**WORK TO COMPLETE**
Every line from the start of the data through the line containing "Set of 2 Square" should be retyped exactly; the pictures should not.

**Stored items from a collection**
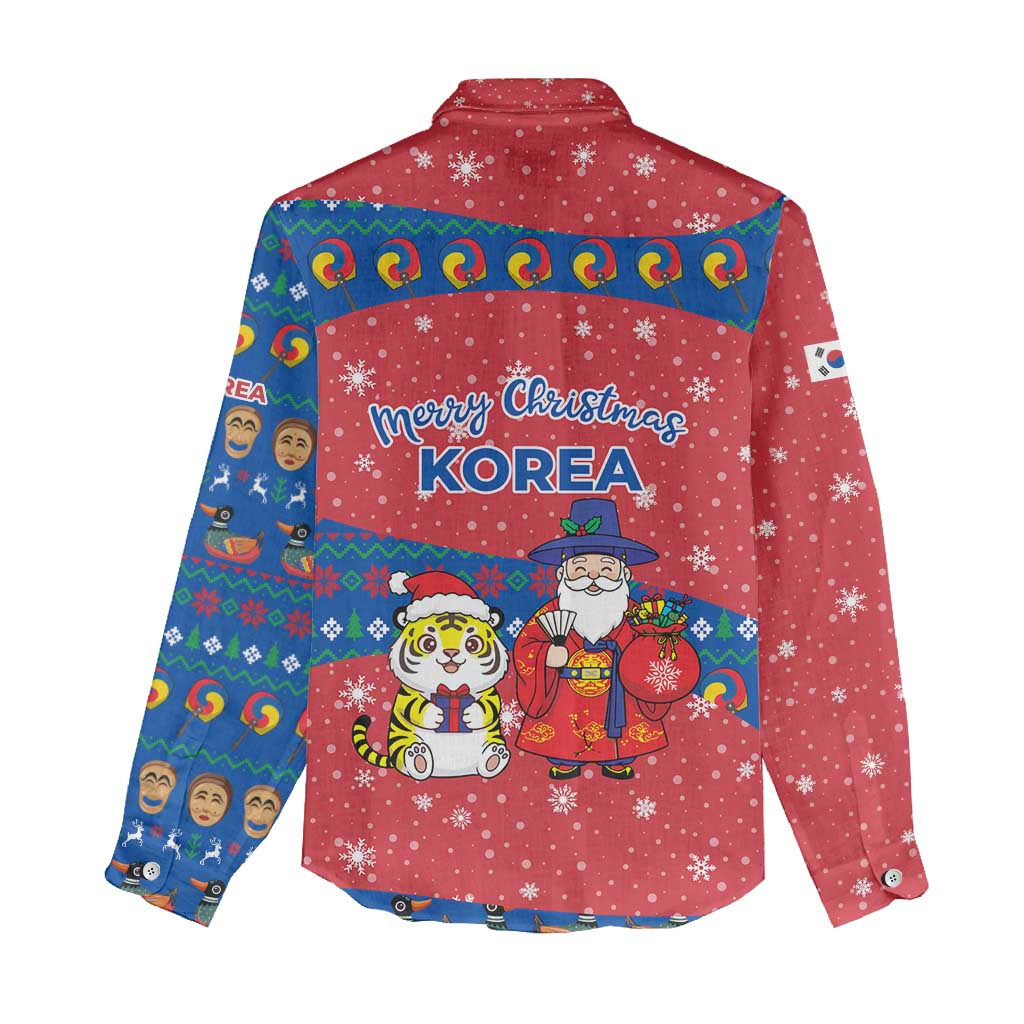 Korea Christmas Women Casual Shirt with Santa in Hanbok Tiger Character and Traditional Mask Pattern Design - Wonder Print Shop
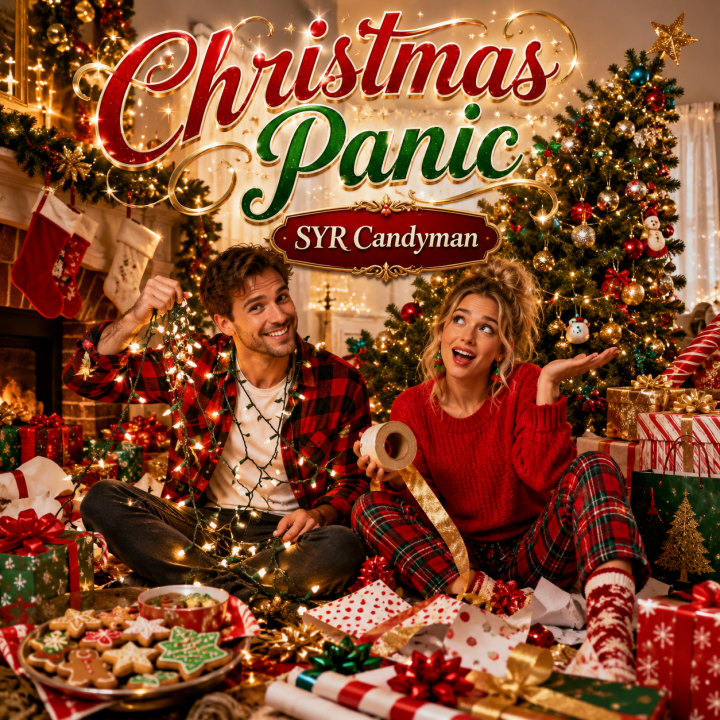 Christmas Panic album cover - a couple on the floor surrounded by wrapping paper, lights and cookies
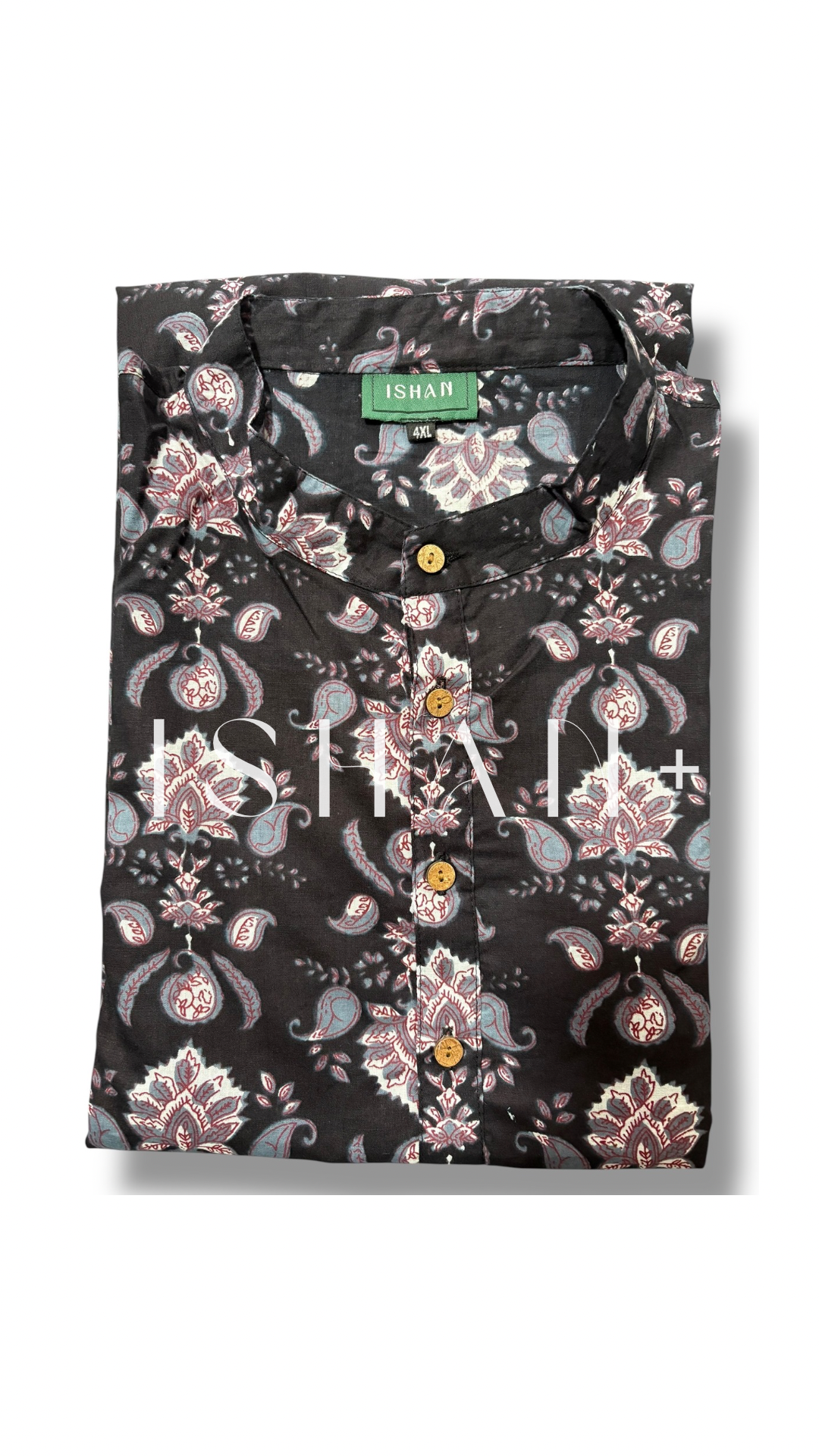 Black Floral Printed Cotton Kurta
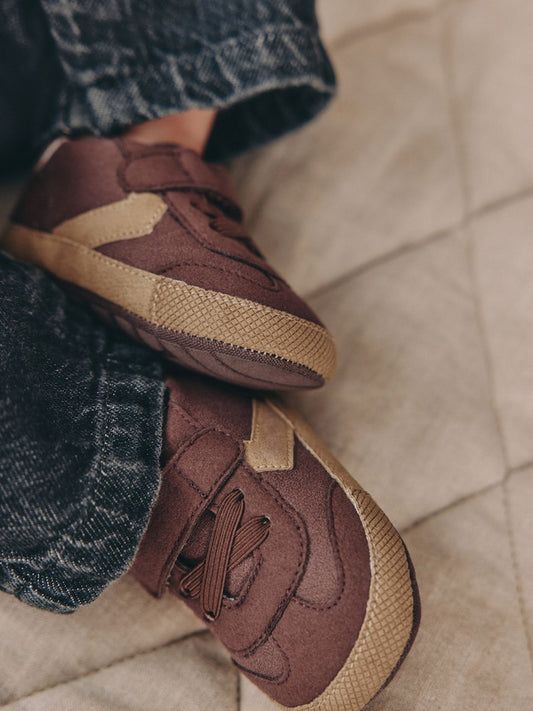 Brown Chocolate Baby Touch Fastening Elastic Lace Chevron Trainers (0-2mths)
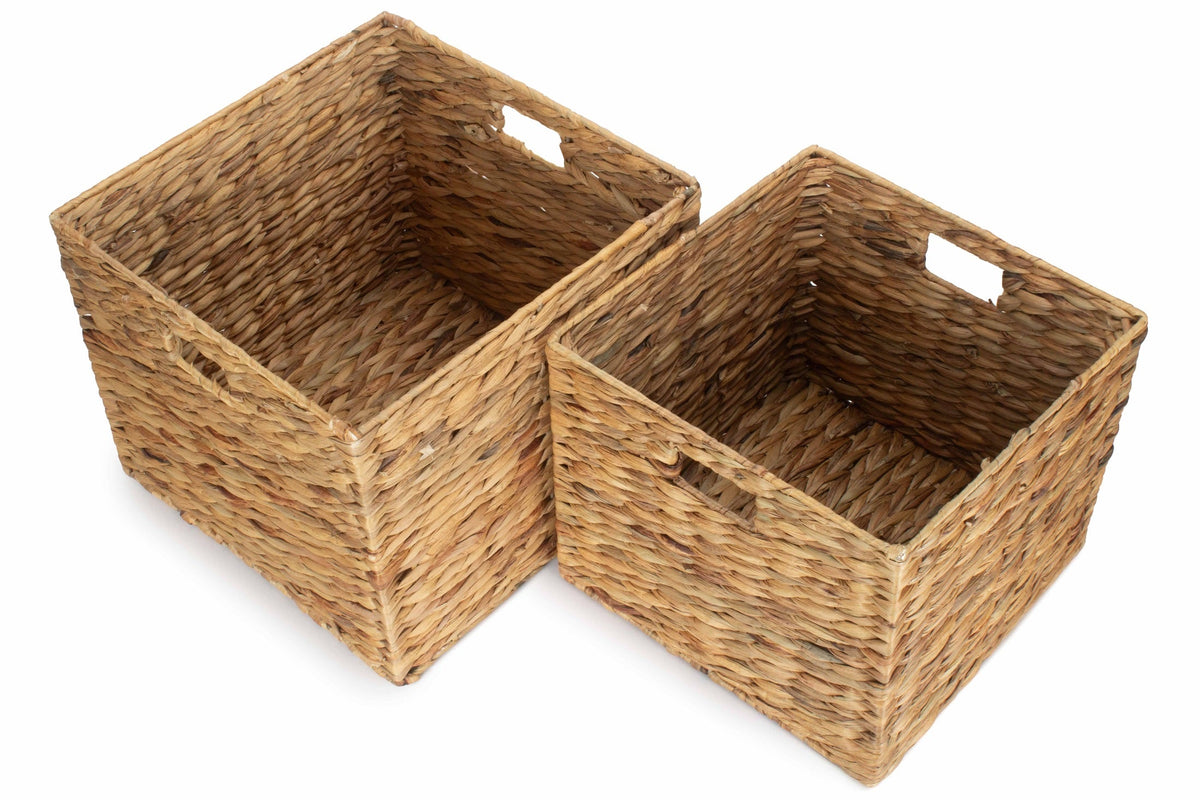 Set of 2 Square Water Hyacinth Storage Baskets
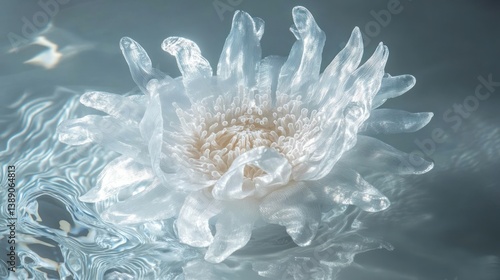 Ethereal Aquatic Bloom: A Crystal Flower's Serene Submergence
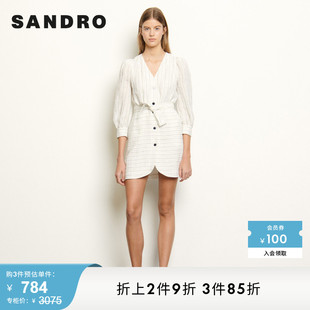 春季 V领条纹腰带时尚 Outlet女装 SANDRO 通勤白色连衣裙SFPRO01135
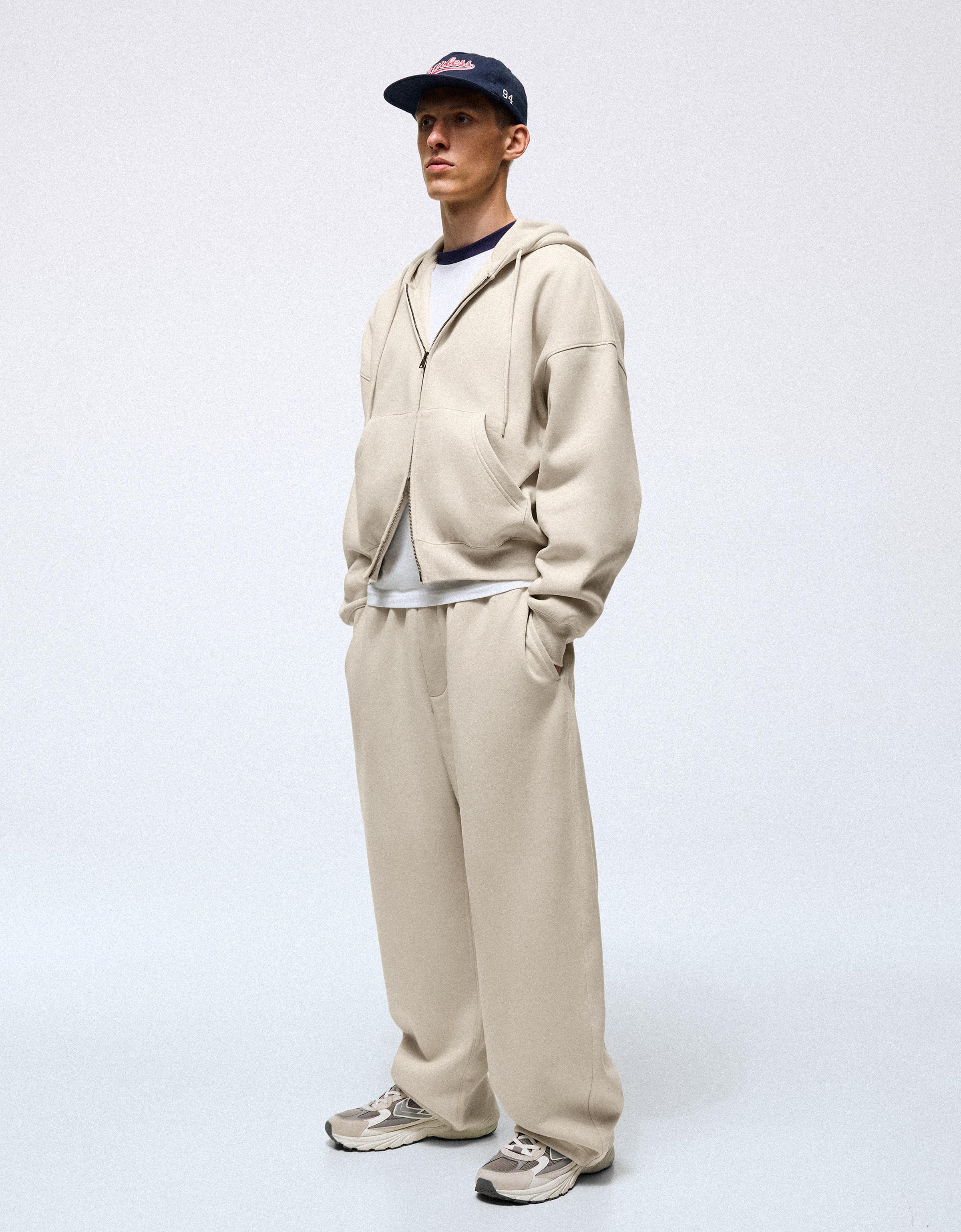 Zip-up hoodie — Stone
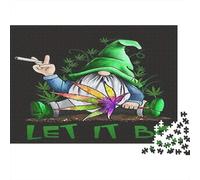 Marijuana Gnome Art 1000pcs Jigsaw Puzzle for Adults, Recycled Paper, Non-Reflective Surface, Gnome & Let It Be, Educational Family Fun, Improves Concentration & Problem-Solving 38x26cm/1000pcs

**YOUR RESPONSE**
 Korea Christmas Women Casual Shirt with Santa in Hanbok Tiger Character and Traditional Mask Pattern Design - Wonder Print Shop
 Christmas Panic album cover - a couple on the floor surrounded by wrapping paper, lights and cookies
 Black Floral Printed Cotton Kurta
 Brown Chocolate Baby Touch Fastening Elastic Lace Chevron Trainers (0-2mths)
 Set of 2 Square Water Hyacinth Storage Baskets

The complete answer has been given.